Politica

Democrazia & ipocrisia

L’invocazione della democrazia, all’interno dei partiti, ha una lunga tradizione e una larga ipocrisia. Dalla vicenda del senatore Mineo alle scelte on line delle truppe ortottere, dal “che fai, mi cacci?” alle primarie senza regole e controlli, a ciascuno piace dirsi dibattente e democratico, a nessuno piace il dissenso, mentre d’essere trasparente lo si chiede solo all’avversario. Taluni, nostalgicamente, sostengono che un tempo era diverso, che nei partiti c’era dibattito e democrazia. Il tempo ha confuso loro le idee: c’era dibattito, perché c’era politica, ma i congressi erano tutto fuorché il trionfo della limpidezza e delle idee sovrastanti fazioni e cordate. Dalle tessere false all’espulsione dei disturbatori, passando per il frazionismo degli esuli, quel passato democratico è piuttosto immaginario. Ciò significa che non c’è scampo e prevarrà sempre il peggio? No, significa che le regole contano più degli animi. E se si vuole cambiare si deve mollare la zavorra di “democrazia & ipocrisia”.

Da noi i partiti sono associazioni private. Ciascuno si regola come gli pare. E’ vero che i partiti politici sono citati nella Costituzione, quali strumenti della democrazia, ed è vero che più di una volta s’è provato a regolarne la vita interna, legandola al finanziamento pubblico. Ma sono stati assalti al vuoto. Destinati a divenire ridicoli in un’era, la nostra, in cui non scatta l’ostacolo del pudore nel mettere ai partiti il nome del proprio casato. La ragione per cui non se ne fece mai nulla è semplice: in altri sistemi democratici (ad esempio Regno Unito), i partiti hanno poteri enormi (designare il premier e assegnare i collegi); da noi avevano solo quello di tenere unite le truppe, dare loro una linea, mentre per il resto era centrale il Parlamento. Questa è la ragione per cui, che a Renzi piaccia o non piaccia (e non gli piace, come non piaceva a Berlusconi), è costituzionalmente irragionevole pensare di dare ordini ai parlamentari: perché senza democrazia interna e senza libertà degli eletti si cancella la democrazia e la libertà di tutti. Solo che poi sono arrivati i “nominati”, i figli del bislacco sistema elettorale non maggioritario, ma con i premi di maggioranza. E il sistema s’è impallato.
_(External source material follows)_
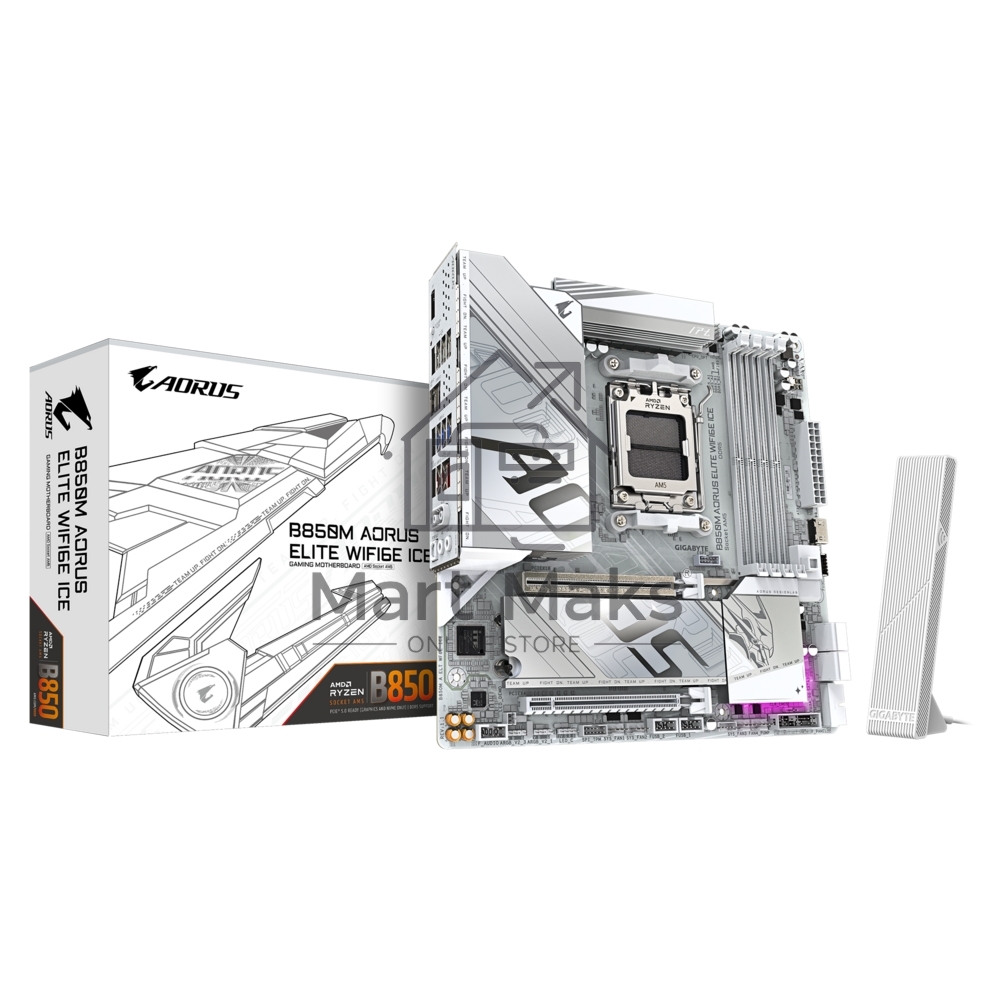 Материнская плата Gigabyte B850M AORUS ELITE WIFI6E ICE, AM5, AMD B850, 4xDDR5, 4xSATA, 2xM.2, 1xPCIe 5.0 x16, 1xPCIe 3.0 x4, 1xDP, 1xHDMI, 1x2.5Gb LAN, Wi-Fi 6E, Bluetooth 5.3, 2xUSB-A 10Gbps (Gen2), 5xUSB-A 5Gbps, 4xUSB-A 2.0, 1xUSB-C 10Gbps (Gen2), 2x3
A destra se ne curarono poco, perché avevano un capo-fondatore, quindi chi dissentiva poteva anche andarsene subito, risultando inutile contarsi. A sinistra provarono a rimediare prendendosi in giro, con le primarie. Le prime due edizioni furono tarocche quanto poche altre cose al mondo. Non era falsa la gara, il cui esito era scontato, era falso tutto. Poi le cose cambiarono, tanto è vero che Renzi contestava proprio le regole. Con una postilla, però, di marca terzinternazionalista: i perdenti devono allinearsi ai vincitori. Era il centralismo democratico, che non era affatto democratico. E’ rimasto. Renzi lo ha praticato e ora lo vuole per sé.

Tutto ciò non funziona. Il risultato che abbiamo ottenuto, dopo venti anni di questa cura, è ragguardevole: non esistono più i partiti, intesi come corpi politici, ma non esistono ancora le regole di democrazia dal basso. Tornare indietro è complicato. Lo spera qualche rudere, contando così di tornare giovane. Ma non funziona. Andare avanti vuol dire cambiare le regole, ad esempio introducendo le primarie. Ma con legge e controlli, non ruspanti e con il doppio fondo. Che ci fai, però, con le nuove regole se non hai nuove istituzioni? Il cortocircuito è talmente evidente che, infatti, il governo ne è rimasto fulminato: prima ha proposto un Senato sul modello tedesco, sottacendo il dettaglio che quello è uno Stato federale; poi ha indicato il modello francese, facendo finta di non sapere che quella è una Repubblica presidenziale. I partiti tedeschi sono diversi da quelli francesi perché diverso è il modello istituzionale, quindi la legge elettorale. Da noi che facciamo? il bassotto con la proboscide o la giraffa con le gambine?

Un sistema c’è, per non andare incontro a sicuro fallimento, come anche per scongiurare che l’arroganza degeneri in imposizione costituzionale (accadde con il titolo quinto, di cui si pentono coloro che lo vollero). Consiste nel lasciare il governo, e la sua maggioranza, alle già enormi cose dell’economia, del lavoro e della politica estera, chiamando gli italiani a eleggere, con sistema proporzionale, una ristretta sede costituente. Con il mandato di un solo anno. Il prossimo si vota, per le regionali. Sarebbe l’occasione per non sciropparsi una campagna elettorale, con i guasti che provoca, del tutto vernacolare.